Requirements for the optimizer to use a filtered index:

  • The query WHERE clause must include the filter predicate (or a logically stronger version of it)
  • For parameterized queries, this often means OPTION (RECOMPILE) is needed — the optimizer cannot guarantee WHERE Status = @status always equals 'Pending' at compile time unless the value is embedded
  • Filter predicate must be a simple comparison, IS NULL, or IS NOT NULL — no functions

SARGability and Composite Key Ordering

A predicate is SARGable when the optimizer can use an index seek. Anything that wraps the column in a function, expression, or implicit conversion kills seeks.

-- NOT SARGable — full scan even with an index on OrderDate
WHERE YEAR(OrderDate) = 2025
WHERE DATEDIFF(day, OrderDate, GETDATE()) < 30
WHERE CAST(CustomerID AS VARCHAR) = '42'

-- SARGable equivalents
WHERE OrderDate >= '2025-01-01' AND OrderDate < '2026-01-01'
WHERE OrderDate > DATEADD(day, -30, GETDATE())
WHERE CustomerID = 42

Composite key ordering rule: equality predicates come first, range predicates last, ORDER BY columns after equality predicates (for free sorting).

-- Query: WHERE CustomerID = @cid AND Status = @status AND OrderDate > @since
-- CustomerID = equality, Status = equality, OrderDate = range
-- Optimal key: (CustomerID, Status, OrderDate)
CREATE NONCLUSTERED INDEX IX_Orders_Customer_Status_Date
    ON dbo.Orders (CustomerID, Status, OrderDate)
    INCLUDE (TotalAmt);

A range column in the middle of a composite key blocks seeks on all subsequent columns. Place equality columns before ranges.


Over-Indexing

Every nonclustered index is maintained on every INSERT, on every UPDATE touching its key or INCLUDE columns, and on every DELETE. The write penalty compounds.

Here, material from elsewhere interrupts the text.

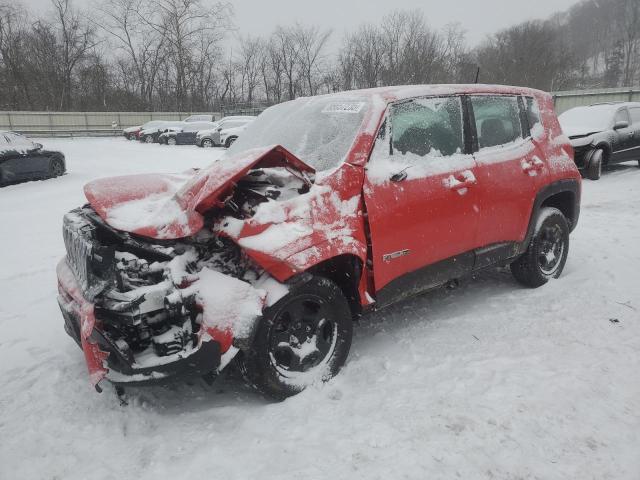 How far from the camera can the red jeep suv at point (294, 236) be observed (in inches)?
96.0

Find unused indexes (index usage stats reset on restart):

SELECT OBJECT_NAME(i.object_id) AS TableName,
       i.name                    AS IndexName,
       i.type_desc,
       us.user_seeks,
       us.user_scans,
       us.user_lookups,
       us.user_updates,
       us.last_user_seek,
       us.last_user_scan
FROM sys.indexes i
LEFT JOIN sys.dm_db_index_usage_stats us
    ON us.object_id = i.object_id
    AND us.index_id = i.index_id
    AND us.database_id = DB_ID()
WHERE OBJECT_NAME(i.object_id) = 'Orders'
  AND i.index_id > 1   -- exclude clustered
ORDER BY ISNULL(us.user_seeks + us.user_scans + us.user_lookups, 0) ASC;

An index with user_updates in the millions and user_seeks = 0 is pure overhead — evaluate dropping it. Do not drop an index based on a single server restart; wait for representative workload data (at minimum one full business cycle).

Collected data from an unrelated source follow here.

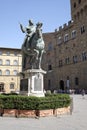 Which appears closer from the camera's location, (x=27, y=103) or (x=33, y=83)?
(x=27, y=103)

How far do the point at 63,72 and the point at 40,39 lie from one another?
34.5m

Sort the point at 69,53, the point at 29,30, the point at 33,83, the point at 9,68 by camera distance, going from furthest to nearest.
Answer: the point at 9,68, the point at 69,53, the point at 29,30, the point at 33,83

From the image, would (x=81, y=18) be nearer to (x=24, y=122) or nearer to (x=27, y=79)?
(x=27, y=79)

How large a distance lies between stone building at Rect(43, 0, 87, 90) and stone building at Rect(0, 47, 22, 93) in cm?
672

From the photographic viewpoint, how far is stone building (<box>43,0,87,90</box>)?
41281 mm

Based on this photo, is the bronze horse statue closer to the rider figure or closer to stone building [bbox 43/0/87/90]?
the rider figure

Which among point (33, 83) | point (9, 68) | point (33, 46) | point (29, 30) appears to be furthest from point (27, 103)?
point (9, 68)

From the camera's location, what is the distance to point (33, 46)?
13.1 m

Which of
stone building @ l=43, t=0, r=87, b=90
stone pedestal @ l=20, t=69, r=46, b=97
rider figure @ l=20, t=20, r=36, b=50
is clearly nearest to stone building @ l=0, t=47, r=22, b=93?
stone building @ l=43, t=0, r=87, b=90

Find duplicate indexes (same leading column):

SELECT t.name AS TableName, i1.name AS Index1, i2.name AS Index2
FROM sys.indexes i1
JOIN sys.indexes i2
    ON i1.object_id = i2.object_id
    AND i1.index_id < i2.index_id
JOIN sys.index_columns ic1
    ON i1.object_id = ic1.object_id AND i1.index_id = ic1.index_id
    AND ic1.index_column_id = 1
JOIN sys.index_columns ic2
    ON i2.object_id = ic2.object_id AND i2.index_id = ic2.index_id
    AND ic2.index_column_id = 1
JOIN sys.tables t ON i1.object_id = t.object_id
WHERE ic1.column_id = ic2.column_id
  AND i1.type > 0 AND i2.type > 0;

Fill Factor and Page Splits

Fill factor sets how full leaf pages are when an index is built or rebuilt. A fill factor of 80 leaves 20% free space for inserts into that page.

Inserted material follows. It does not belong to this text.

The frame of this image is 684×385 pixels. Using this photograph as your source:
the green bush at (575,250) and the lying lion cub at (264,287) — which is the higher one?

ScenarioRecommended fill factor
Read-only or archival table100 — no free space needed
Monotonically increasing clustered key (IDENTITY)100 on clustered, 90–95 on NCIs
Random inserts into existing key range (natural keys)70–80
High-update heap or NCI with frequent mid-page inserts70–75

Fill factor applies only at rebuild time. Pages fill up naturally afterward — fragmentation grows until the next rebuild.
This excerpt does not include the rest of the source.